ORA gli inquilini sono il signor Wang Can e la moglie Lin Lin Ling, nome italiano Maria. Originaria di un villaggio – si fa per dire – di 150 mila anime nella provincia del Wenchen, Cina meridionale, è arrivata nove anni fa a Milano, dove contava sull’aiuto di alcuni parenti.
E’ riuscita a racimolare abbastanza soldi da familiari e banche in Cina per comprare un bar in zona Loreto che gestiva con i figli. Adesso se ne occupa il minore, diciannovenne, mentre la figlia di ventitré anni si è sposata l’anno scorso con un ragazzo cinese – tipo serio e gran lavoratore – che vende capi d’abbigliamento nei mercati. Quanto a Maria, dà una mano alla cassa del bar quando serve e fa i mestieri. Senza contare il suo impiego part-time: cucire e impacchettare gonne di seta e camicie di lino, pantaloni di cotone e casacche di viscosa. Nei periodi di forte richiesta anche venti ore al giorno.
I componenti della famiglia Wang sono tutti così indaffarati che si vedono di rado. Hanno appena il tempo di riunirsi alle undici di sera davanti a una zuppa di pesce fumante e raccontarsi la giornata. O lamentarsi per quanto sia malridotto lo stabile, con l’intonaco che cade a pezzi, il cortile punteggiato di rifiuti della natura più disparata e il bagno esterno, un tempo l’unico del palazzo, dove si annidano ragni grossi come topi.

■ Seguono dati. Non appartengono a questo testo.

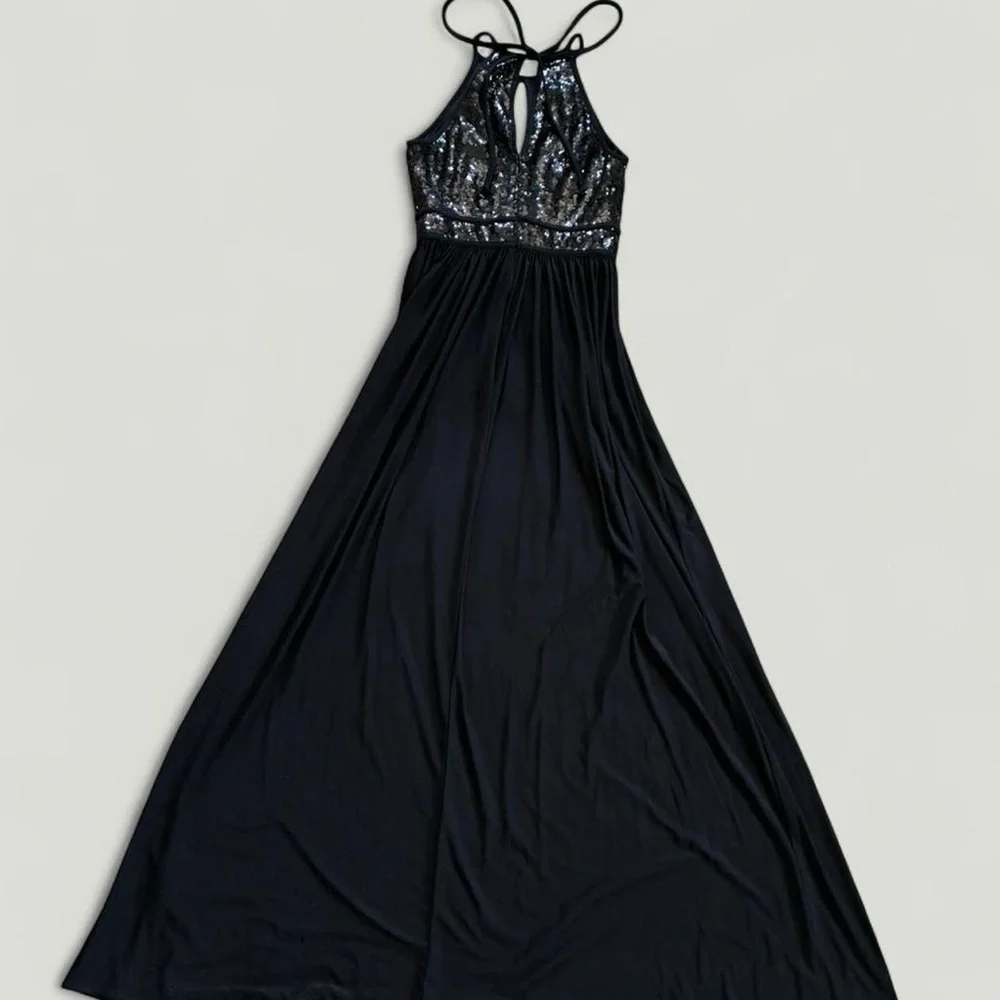 Morgan & Co. Formal Black Sequin Maxi Dress - Picture 4 of 6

SULLA SOGLIA di casa, Lin si ravvia i capelli nerissimi, sfila i guanti da lavoro e il grembiule su cui è ricamato il nome del ristorante italiano in cui sgobba giorno e notte il marito. «Celentano? Il Molleggiato? Rockpolitik?», mormora tra sé cercando di ricordare. Sforzo vano. Pezzi come «Ventiquattromila baci» o «Il ragazzo della via Gluck» per la signora Lin Lin Ling sono come ideogrammi per gli italiani: enigmi. La Maria del Wenchen sospira: «Se questo Clementano che viveva qui è un cantante, non escludo di averlo ascoltato nel nostro bar di via Pecchio, teniamo sempre la radio accesa».